Oscar history: He was nominated for a supporting actor Oscar as an undercover cop for last year’s “BlacKkKlansman.”
2. Joaquin Phoenix (“Joker,” Oct. 4) — Will it be weird if Phoenix, a terrific actor when it comes to creeps and crooks, wins an Academy Award that Heath Ledger won posthumously for the same role in 2008’s Batman adventure “The Dark Knight”? A little perhaps, but judging from reviews — which have grown more divisive since its showings in Venice and Toronto — Phoenix makes the Clown Prince of Crime his own unique and twisted creation while daring the audience relate to and revile his creation.
As “Hollywood Reporter” critic David Rooney writes, “What’s most noteworthy about this gritty entry in the DC canon and the lead actor’s sensational performance is the pathos he brings to a pathetically disenfranchised character — just like countless others in a metropolis in which the social chasm separating the haves from the have-nots has become a pit of incendiary rage.”
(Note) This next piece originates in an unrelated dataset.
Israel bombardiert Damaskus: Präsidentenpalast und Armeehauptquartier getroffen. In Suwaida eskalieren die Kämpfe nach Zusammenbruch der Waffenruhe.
Oscar history: Phoenix was nominated for his supporting role as the twisted, amoral Commodus, who murders his emperor father in order to nefariously inherit his powers as he targets Russell Crowe‘s warrior Maximus in 2000’s Roman epic “Gladiator.” He nailed the Man in Black — country legend Johnny Cash — in the 2006 biopic, “Walk the Line,” singing and all, and was duly nominated as a lead. And he also found a space on the ballot as a Best Actor contender as a crazed cult follower in 2013’s “The Master.”
3. Leonardo DiCaprio (“Once Upon a Time in Hollywood”) — Both DiCaprio and first-time co-star Brad Pitt earned the most critical bravos in Tarantino’s nostalgic 10th big-screen outing. His performance as TV Western legend Rick Dalton, whose preferred genre is going out of fashion, touches the heart as well as provides some sick kicks, such as his flame-thrower skills.
Oscar history: Nominated as supporting actor at age 19 for 1993’s “What’s Eating Gilbert Grape.” Up for lead in 2005’s “The Aviator,” 2007’s “Blood Diamond” and 2014’s “The Wolf of Wall Street.” Won Best Actor for 2016’s “The Revenant.” He also competed as a producer for best-pic contender “The Wolf of Wall Street.”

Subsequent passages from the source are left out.